UK set for surge in plants producing ‘green gas’

The UK is expected to see a big increase in biomethane plants with predictions of a 50% rise in the number operating by 2020.

UK set for surge in plants producing ‘green gas’

The four gas distribution networks (GDNs) which manage the pipes these plants connect to – Cadent, SGN, Northern Gas Networks and Wales & West Utilities – are joining forces to facilitate this anticipated growth in a gas that uses the nation’s waste and other ‘feedstocks’ to make grid-quality biomethane.

These plants stop organic waste going to landfill, where it decays and produces gases more harmful to the environment than carbon [16 per cent of UK methane emissions come from manure management, for example]. Instead, it’s used to make gas that heats thousands of homes and power heavy goods vehicles.

In Cadent’s network area (covering North West England, the East of England, South Yorkshire, the Midlands and parts of the South East), the amount of biomethane currently entering distribution pipes meets demand for heating 114,000 homes – the equivalent demand from a city the size of Coventry.

However, these plants have the capacity to increase output to meet local demand (for example, in colder months), to volumes that would heat more than 190,000 homes. This is more than the supply needed to meet demand from a city the size of Liverpool or Manchester.

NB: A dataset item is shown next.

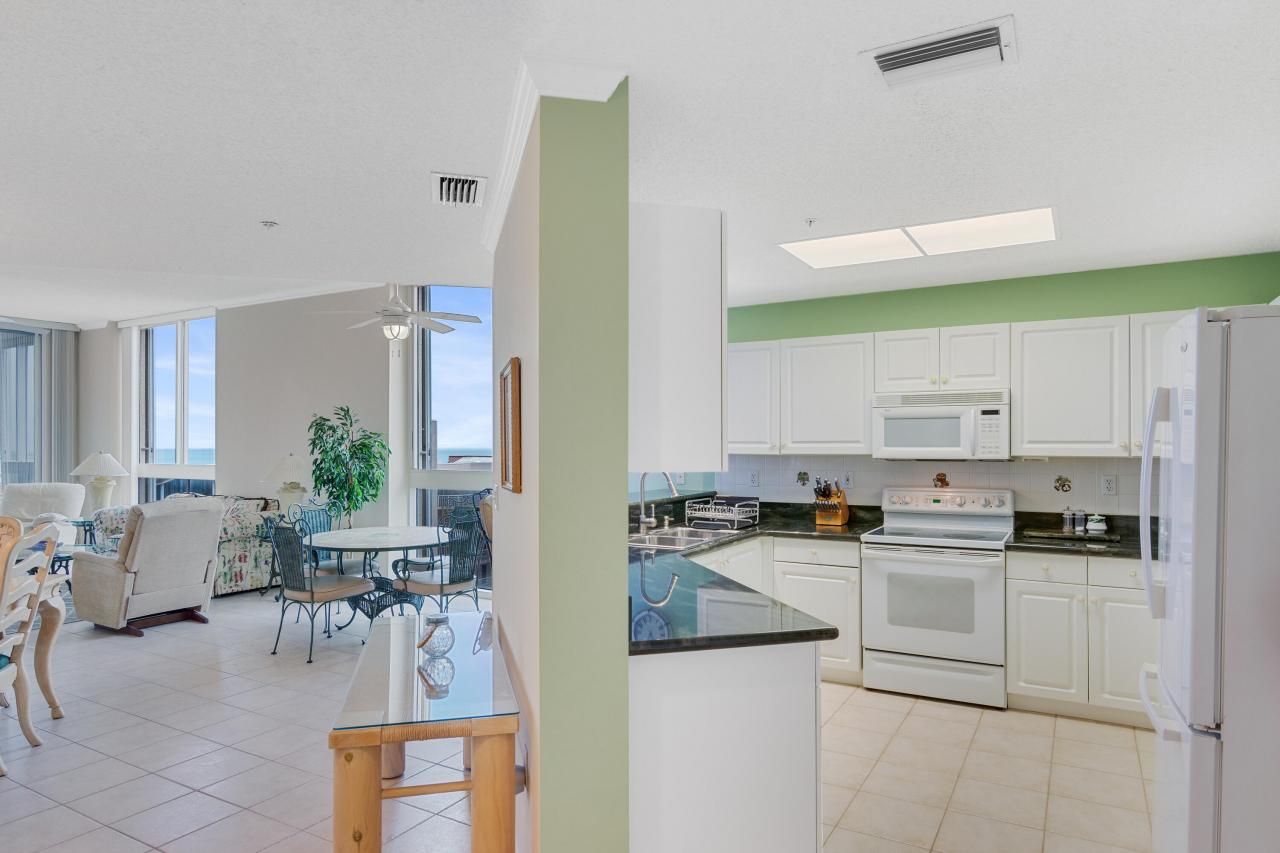 3880 N Hwy A1a, Unit 1105, Hutchinson Island, FL 34949 Photo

Tina Hawke, design manager and lead in this area for Cadent, the biggest UK gas network, and chair of the Energy Networks Association’s biomethane group, said: “The evidence is now pointing to fast growth for biomethane – we know there are around 50 applications for new plants going through the system.

“This will provide safe, sustainable gas supplies for homes and businesses for decades to come, and help to reduce the country’s greenhouse gas emissions.”

There are currently 48 applications now with Ofgem, for permission to operate new plants. This would take the number of UK plants from 98 to 146.

Charlotte Morton, chief executive of the Anaerobic Digestion & Bioresources Association, said: “The restoring of higher tariffs and introduction of tariff guarantees for the Renewable Heat Incentive will give the UK’s biomethane industry a much-needed boost.

“We are expecting as many as 50 new biomethane facilities to be built over the coming 18 months as a result of the changes, with an accompanying investment of £300-£400 million.”

Claire Perry, Minister for Energy and Clean Growth, said: “The UK has led the world in cutting emissions whilst growing our economy – with clean growth driving incredible innovation and creating hundreds of thousands of high quality jobs.

“Ten years on from the Climate Change Act, the first ever Green GB week is a time to build on our successes and explain the huge opportunities for business and young people of a cleaner economy.

“I’m delighted to see how many more businesses and organisations, such as Cadent, are seizing this multi-billion pound opportunity to energize their communities to tackle the very serious threat of climate change.”

Biomethane is made when biodegradable matter, such as food waste, sewage, manures, or energy crops, is fermented in anaerobic digesters. This produces gas which we can use to heat homes and power heavy goods vehicles.

No changes are needed to the UK’s existing gas pipe network, or domestic appliances, to accommodate expansion of this source of green gas. Customers would continue to use gas through the same pipes they have now.